The codebase is made up of 417K lines of C++ and 26K lines of Assembler.

FFMPEG supports both encoding and decoding with SVT-AV1. Building the codec itself is straightforward and FFMPEG should find it without issue when compiling.

$ mkdir -p ~/svt_build
$ cd ~/svt_build
$ cmake ~/SVT-AV1/
$ make -j$(nproc)
$ sudo make install
$ sudo ldconfig

Compiling FFMPEG with AV1 Support

I'll first make sure any previous FFMPEG builds are removed. They'd block the compiler from writing new binaries if they're present so it's important to have a clean build environment first.

$ cd ~/ffmpeg
$ make clean

The following will compile FFMPEG with x264, x265 and AV1 support via SVT-AV1.

$ ./configure \
      --prefix="$HOME/ffmpeg" \
      --pkg-config-flags="--static" \
      --extra-cflags="-I$HOME/ffmpeg/include" \
      --extra-ldflags="-L$HOME/ffmpeg/lib" \
      --extra-libs="-lpthread -lm" \
      --ld="g++" \
      --bindir="$HOME/ffmpeg/bin" \
      --enable-gpl \
      --enable-gnutls \
      --enable-libfreetype \
      --enable-libmp3lame \
      --enable-libx264 \
      --enable-libx265 \
      --enable-libsvtav1 \
      --enable-nonfree

$ make -j$(nproc)

Below I'll check that the FFMPEG binary compiled supports SVT-AV1.

$ ./ffmpeg -hide_banner \
           -codecs \
    | grep -i av1
DEV.L. av1                  Alliance for Open Media AV1 (encoders: libsvtav1)

FFMPEG Codec Support

As a side note, the FFMPEG codec list is very valuable in understanding what any given instance of FFMPEG supports. With that said, I find its format unhelpful when trying to put together a birds-eye-view.

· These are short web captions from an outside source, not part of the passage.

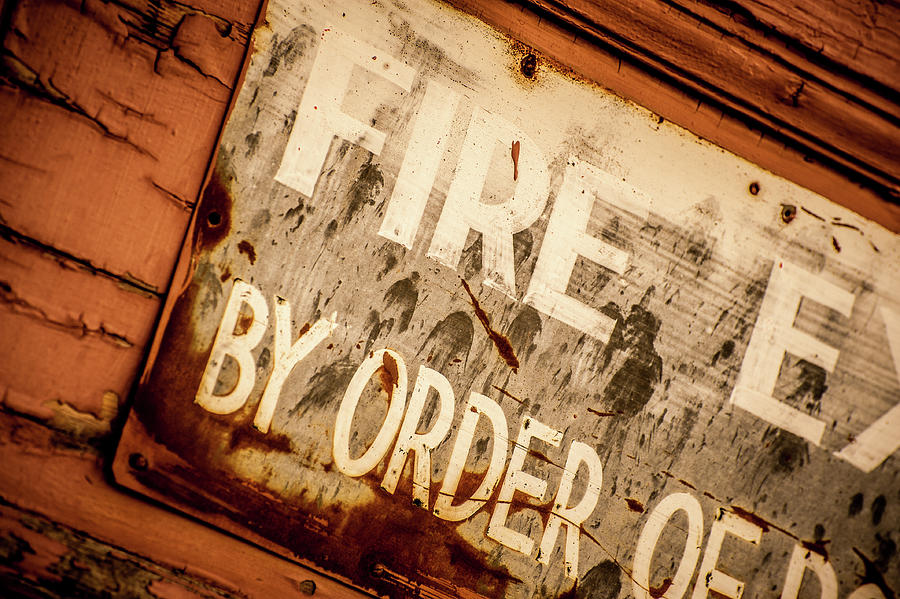 Sign Photograph - Fire 2 by Dan Ballard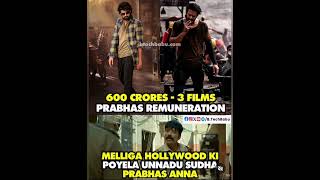 600cr 3films Prabhas Remuneration 🤯 [upl. by Vijnas]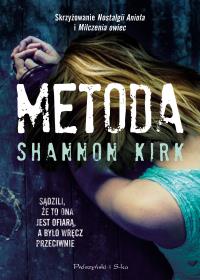 Metoda. Autor: Kirk Shannon. Dobreksiazki.pl Okładka książki Metoda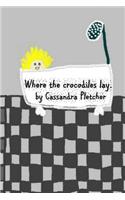 Where the Crocodiles Lay.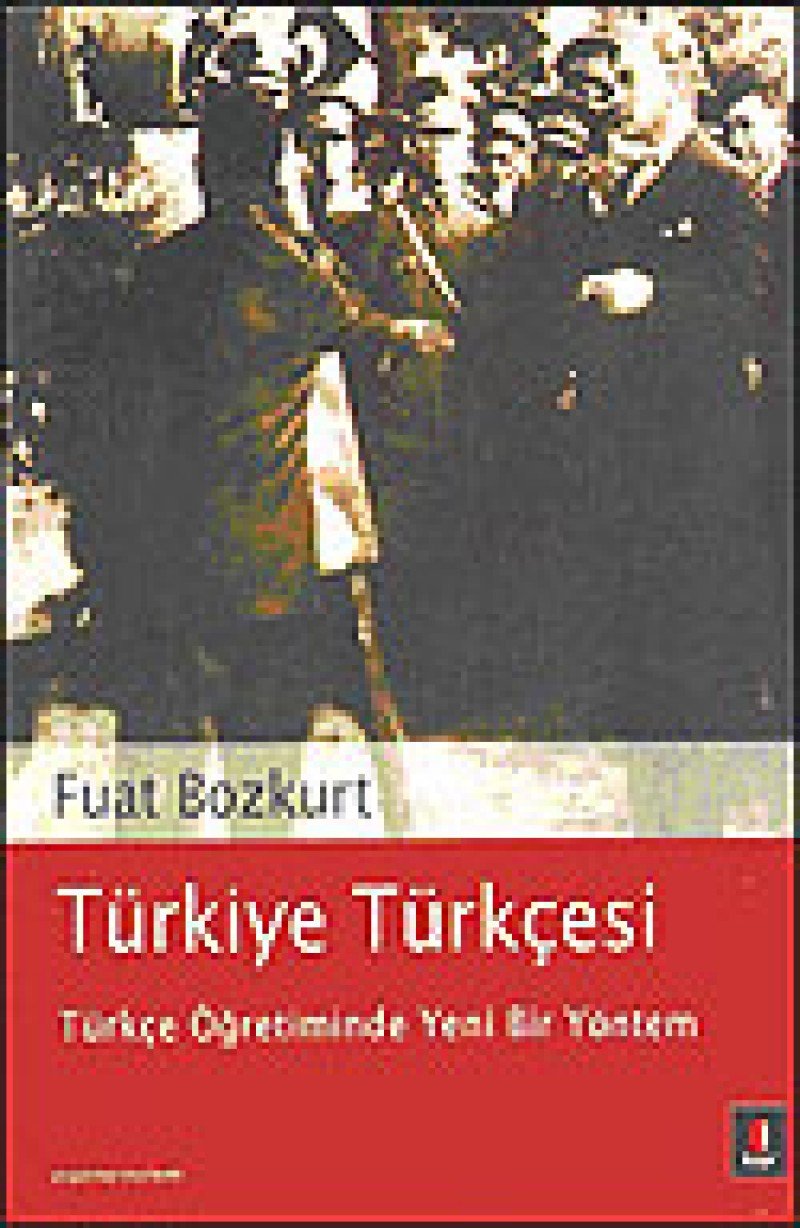Türkiye Türkçesi: Türkçe Öğretiminde Yeni Bir Yöntem Social Sciences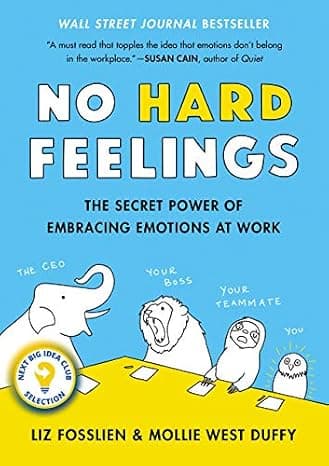 No Hard Feelings: The Secret Power of Embracing Emotions at Work cover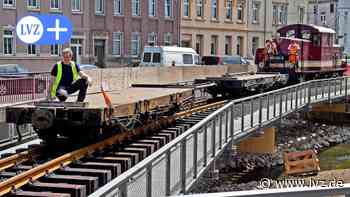 Premiere: Döllnitzbahn in Oschatz rollt über neue Brücke - Leipziger Volkszeitung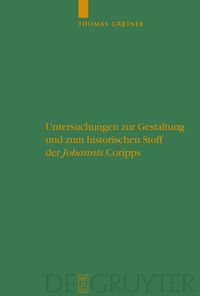 Produktbild: Untersuchungen zur Gestaltung und zum historischen Stoff der "Johannis" Coripps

I'll export the codec support list, parse it, convert it into JSON and analyse it in DuckDB.

$ ./ffmpeg -hide_banner \
           -codecs \
        > codecs.txt
$ python3
import json


lines = [line
         for line in open('codecs.txt').read().splitlines()
         if (line.startswith(' D') or line.startswith(' .'))
         and '=' not in line]

codecs = []

for line in lines:
    support_codec_name  = line.split('   ')[0].strip()
    description         = line.split('   ')[-1].strip()
    support, codec_name = support_codec_name.split(' ')
    codecs.append({
        'name':                      codec_name,
        'description':               description,
        'decoding_supported':        support[0] == 'D',
        'encoding_supported':        support[1] == 'E',
        'is_video_codec':            support[2] == 'V',
        'is_audio_codec':            support[2] == 'A',
        'is_subtitle_codec':         support[2] == 'S',
        'is_data_codec':             support[2] == 'D',
        'is_attachment_codec':       support[2] == 'T',
        'is_intra_frame_only_codec': support[3] == 'I',
        'lossy_compression':         support[4] == 'L',
        'lossless_compression':      support[5] == 'S'})

with open('codecs.json', 'w') as f:
    for codec in codecs:
        f.write(json.dumps(codec, sort_keys=True) + '\n')
$ ~/duckdb
CREATE OR REPLACE TABLE codecs AS
    SELECT *
    FROM READ_JSON('codecs.json');

A large chunk of codecs in this installation only support decoding but the number support encoding (93) is still a respectable number.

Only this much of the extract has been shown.